シェークスピア劇の数多い名せりふの中にある。<この世界はすべてこれ一つの舞台、人間は男女を問わずすべてこれ役者にすぎぬ>「お気に召すまま」小田島雄志訳
 
 人がみな役者なら、答弁者もまた役者。ならばこちらの舞台は役者が足りなかったようである。「加計(かけ)学園」の獣医学部新設計画を巡って衆参両院の委員会で開かれた閉会中審査は、何ともすっきりしないやりとりが続いた
 
 行政がゆがめられたとする前川喜平前文科事務次官は、国家戦略特区の担当は内閣府だが、背景に官邸の動きがあったと強調。獣医学部新設も「(選定の)プロセスが不透明で不公正だと思っている。
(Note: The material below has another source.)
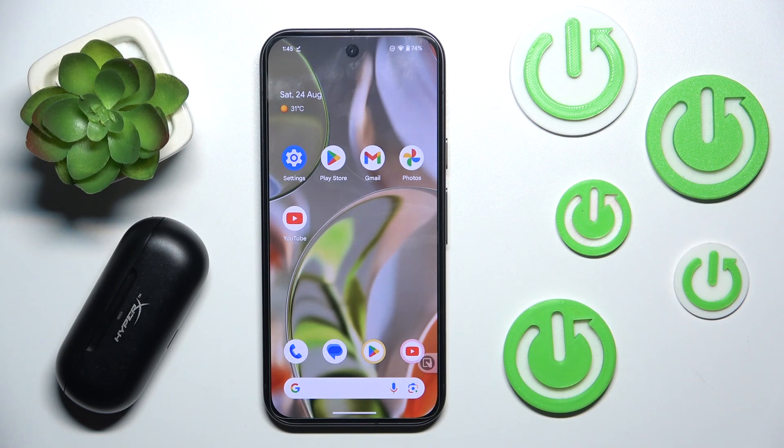Hi everyone, welcome. In today's video I have HyperX Cloud Mix Buds and I need to show you how you can easily rename them on your Android phone. Let's get started.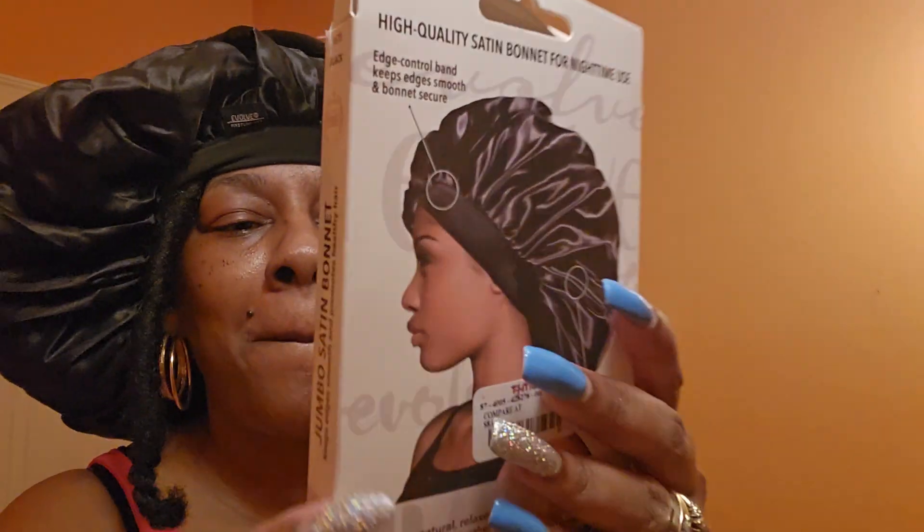Hey y'all, welcome back to National Literature Inspires. Y'all, look at this — big old bonnet. This is Evolve Looks, First Line, Evolve Looks.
初めから加計学園と決まっていた」と主張した
 
 対する政府側。決定過程は適正と繰り返したが、疑惑の雲を吹き払うほどの迫力はなかった。安倍晋三首相は欧州歴訪中。主役が不在では当然だろう。キーマンと名指しされた首相補佐官の姿もなかった
 
 1強政治の推進力だった内閣支持率が大きく下がっている。失った信用を取り戻すには、またとない機会のはずだった。延々とかみ合わない議論ばかり聞かされ、解明どころか、疑問は膨らむばかりである
 
 <このままでいいのか、いけないのか、それが問題だ>とハムレットは言った。ここは「いけない」に決まっている。必要なのは首相の言葉だ。